Rock Island Armory or Metroarms American Classic 1911's


----------



## GCBHM

Springfield 1911 Mil Spec. $599-629 range.


----------



## BigCityChief

GCBHM said:


> Springfield 1911 Mil Spec. $599-629 range.


Really? I love my MilSpec, but I paid a lot more than that for it.


----------



## GCBHM

BigCityChief said:


> Really? I love my MilSpec, but I paid a lot more than that for it.

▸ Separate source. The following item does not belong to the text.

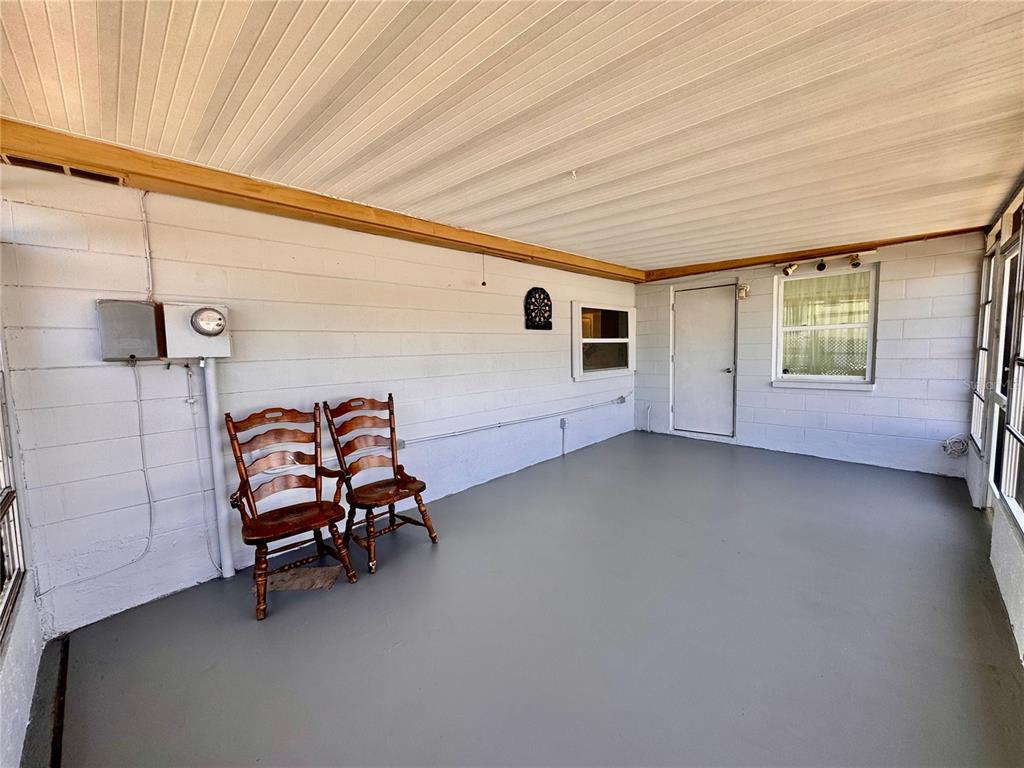 3902 Glissade Drive New Port Richey, FL 34652 - Photo 22 of 26 a view of a livingroom with furniture and windows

Yep! I just held one last week and it was listed at $629, but I could have walked out with it for that. I bought one last year at the same store for $499.


----------



## BigCityChief

GCBHM said:


> Yep! I just held one last week and it was listed at $629, but I could have walked out with it for that. I bought one last year at the same store for $499.


Ouch!! Good for you!


----------



## Fon1961

Enjoyed shooting an sr1911c today, less than $700.


----------



## Owyhee

Just took it to the range and ran 80 rounds through it today. But have to say I'm pleased with my Citadel M-1911. Made by Armscor. No rattles, no jams and is more accurate than I am. Paid $529 for it (probably can find it a little cheaper some places). I will admit the Ruger impresses me, too.


----------



## shaolin

I bought a S&W 1911 for $715 and it is my most accurate big bore gun. It even more accurate than my Kimber 1911 that I paid over $1000 for.


----------



## dirtybird

If you could add another $50. the Springfield range officer is a nice gun. 


Sent from my iPhone using Outdoor Forums


----------



## VitalStatistic

Ditto on the Remington R1S. Great weapon for the price. Fit and finish are great - outstanding accuracy out of the box. Do recommend getting some additional quality mags like Chip McCormick and/or Wilson Combat, some have FTF issues with factory mags. Mine are working well, but bought some Wilson 8rd ETMs to suppliment.


----------



## VitalStatistic

Agree with most - believe the Remington R1 and Ruger SR1911 are two of the best of the bunch in this price range.


----------



## LePetomane

Ruger SR1911. Great gun.


----------



## TomR

redlinesrule said:


> As stated in the title: What's the best value 1911 in the $500-700 range, new/out of the box? I'm looking for some general knowledge & opinions on this platform & of course anyone who's had one that has been reliable & well made for that price. This wouldn't be for carry but more for taking to the range & having some fun. We all know that you 'basically get what you pay for' in 1911's but where my money's been spent on my personal carry, this is what I have to purchase one. Thanks for the read & looking forward to your comments. ~ Don


Actually 5 bucks under the price range stated I picked up a Regent R350CR for $495.00.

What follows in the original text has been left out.